Após o susto e uma noite na delegacia testemunhando o aumento nos casos de violência no estado do Rio, Leandro Fazollla teve outra difícil realidade no caminho da companhia. Sem cenário, o espetáculo tinha mais duas apresentações duas semanas depois do assalto e uma agenda de compromissos para honrar. Sem tempo para pensar duas vezes em um momento de crise cultural, a Cia Cerne decidiu remontar a peça “Mães de UTI”. “Quando fizemos o cenário para estrear, levamos mais de um mês e meio pesquisando e contratando fornecedores mais baratos. Depois do assalto, tivemos que fazer tudo em 15 dias para que a gente conseguisse manter a agenda. Foi uma correria e, inclusive, algumas partes do cenário só chegaram um dia antes da apresentação”, lembrou o produtor.

Com o drama e a energia para recomeçar, o desafio passou a ser a consequência financeira disso tudo. Para remontar o cenário do espetáculo, Leandro Fazolla contou que parcelou os custos e combinou de pagar depois os fornecedores que prestaram serviço à companhia. Mas, para isso, eles precisam de ajuda. Por causa deste episódio na trajetória de quase cinco anos da Cia Cerne, o produtor recorreu à vaquinha online para conseguir pagar por esta reconstrução. “Quando nós fomos assaltados, compartilhamos nas nossas redes sociais o episódio com a intenção de desabafar um pouco sobre o que passamos. Foi então que amigos começaram a comentar querendo ajudar e nos falando para fazer essa vaquinha”, disse Leandro que nunca havia recorrido à contribuição virtual. “Ainda estamos entender como funciona”, afirmou.

“Mães de UTI” (Foto: Stephany Lopez)

No começo um pouco devagar, o produtor da Cia Cerne contou que a ideia tem dado certo após uma semana de divulgação da iniciativa. Aliás, entre as pessoas que já ajudaram o espetáculo “Mães de UTI” voltar à cena artística estão produtores que passaram por uma situação parecida recentemente.

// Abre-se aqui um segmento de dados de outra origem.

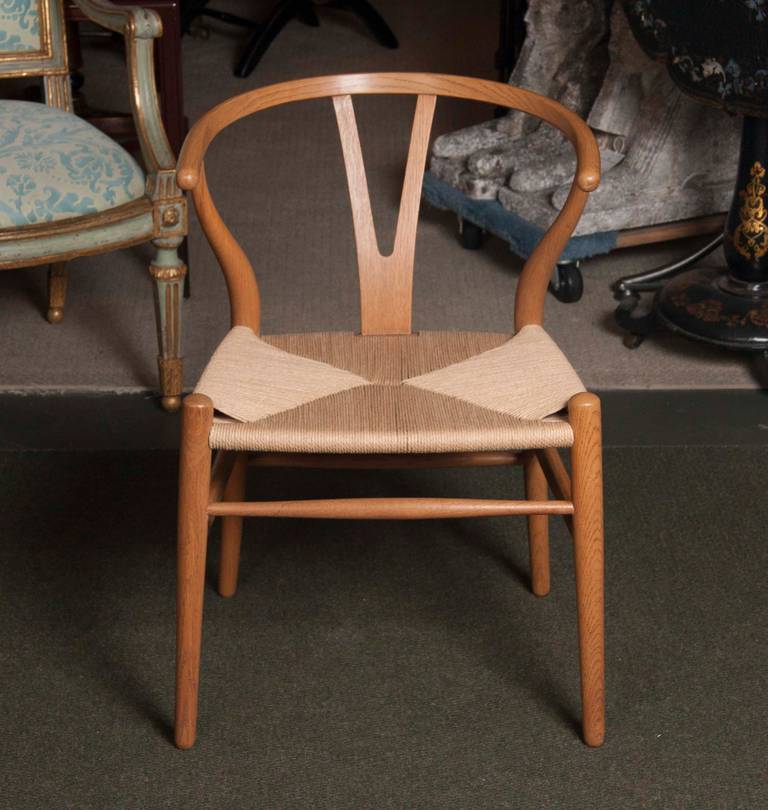Six Wishbone Dining Chairs Designed by Hans Wegner And Produced by Carl Hansen In Excellent Condition In Stamford, CT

Em junho, o Teatro Clara Nunes, no Shopping da Gávea, pegou fogo e danificou o cenário de dois espetáculos que estavam em cartaz. “Nós recebemos uma ligação deles que também precisaram de ajuda para voltar a se apresentar e conseguiram bater a cota da vaquinha virtual. Eles viram o que ocorreu com a gente pelo Facebook e quiseram fazer parte como forma também de agradecer a todos que ajudaram os espetáculos deles”, contou Leandro que comemorou a onda de solidariedade que tem levando a Cia Cerne. “O primeiro sentimento que temos quando situações tristes como essas acontecem é a vontade de desistir. Fazer arte no Brasil já é muito complicado, ainda mais quando passamos por uma crise como essa de hoje. Já tem muita gente lutando contra a cultura, banalizando a nossa profissão e ate criminalizando nós artistas. Mas, por outro lado, com essa experiência, estamos vendo que também existe muita gente querendo ajudar e fazer com que a gente siga produzindo”, disse animado.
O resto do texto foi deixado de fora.